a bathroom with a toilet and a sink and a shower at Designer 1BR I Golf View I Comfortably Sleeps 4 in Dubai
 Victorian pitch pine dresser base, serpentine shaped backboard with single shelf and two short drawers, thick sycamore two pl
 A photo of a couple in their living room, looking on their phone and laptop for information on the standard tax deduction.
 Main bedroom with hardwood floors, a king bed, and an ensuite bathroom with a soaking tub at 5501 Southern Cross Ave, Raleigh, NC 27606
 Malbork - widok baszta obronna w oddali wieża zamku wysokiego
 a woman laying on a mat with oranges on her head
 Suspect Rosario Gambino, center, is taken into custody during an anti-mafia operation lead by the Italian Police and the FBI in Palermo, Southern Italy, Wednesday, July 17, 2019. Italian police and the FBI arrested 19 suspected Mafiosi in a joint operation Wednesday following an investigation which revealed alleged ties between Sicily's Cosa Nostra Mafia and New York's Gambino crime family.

══════════════════════════════

(EXERCISE AIM):
Every entry in the listing above is to be repeated verbatim.

(OUTPUT FOR THIS EXERCISE):
a bathroom with a toilet and a sink and a shower at Designer 1BR I Golf View I Comfortably Sleeps 4 in Dubai
 Victorian pitch pine dresser base, serpentine shaped backboard with single shelf and two short drawers, thick sycamore two pl
 A photo of a couple in their living room, looking on their phone and laptop for information on the standard tax deduction.
 Main bedroom with hardwood floors, a king bed, and an ensuite bathroom with a soaking tub at 5501 Southern Cross Ave, Raleigh, NC 27606
 Malbork - widok baszta obronna w oddali wieża zamku wysokiego
 a woman laying on a mat with oranges on her head
 Suspect Rosario Gambino, center, is taken into custody during an anti-mafia operation lead by the Italian Police and the FBI in Palermo, Southern Italy, Wednesday, July 17, 2019. Italian police and the FBI arrested 19 suspected Mafiosi in a joint operation Wednesday following an investigation which revealed alleged ties between Sicily's Cosa Nostra Mafia and New York's Gambino crime family.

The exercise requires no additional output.